REORGANIZATION AT THE HOME BASE
The growth of missions. The Protestant foreign mission enterprise has grown from a small and intensely personal program of carrying the Gospel to "heathen lands" into a complexity involving hundreds of organizations, and related, as far as the denominations represented in this study are concerned, to 57,657 American churches with a total membership of 10,015,366. Excluding bequests, members of these congregations gave, in 1931, an average of $1.41 each to foreign missions. The administrative machinery, which includes devices for interesting the average church member to the point of giving his $1.41 yearly, for transmitting it through appropriate channels to its distribution point on the foreign field, for selecting and appointing individuals for foreign service, and for dealing with the incredibly numerous and varied problems of a world-wide program, is in the nature of the case extensive and involved.
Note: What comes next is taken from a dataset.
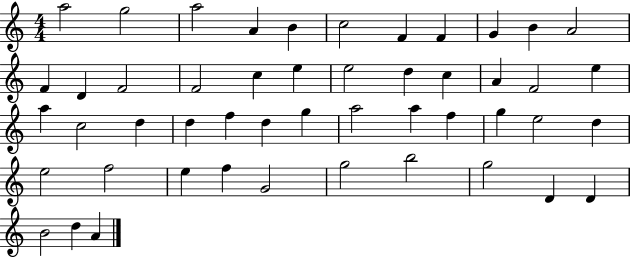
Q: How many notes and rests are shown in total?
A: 49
On the field the undertakings have spread from simple presentation of the Gospel to a wide diversity of religious, social and technical activities. It is not surprising that such great and rapid growth has resulted in difficulties, especially when it is remembered that the executive direction of these organizations ordinarily has been entrusted to men chosen rather for their qualities of church leadership than for skill and training in business administration.
In an important sense, the conduct of missionary activity is a business; in organization, in financial and executive procedures, the work of the boards closely parallels the running machinery of large commercial concerns doing business on an international scale, and the criteria of administrative practice may be applied as properly to the one as to the other.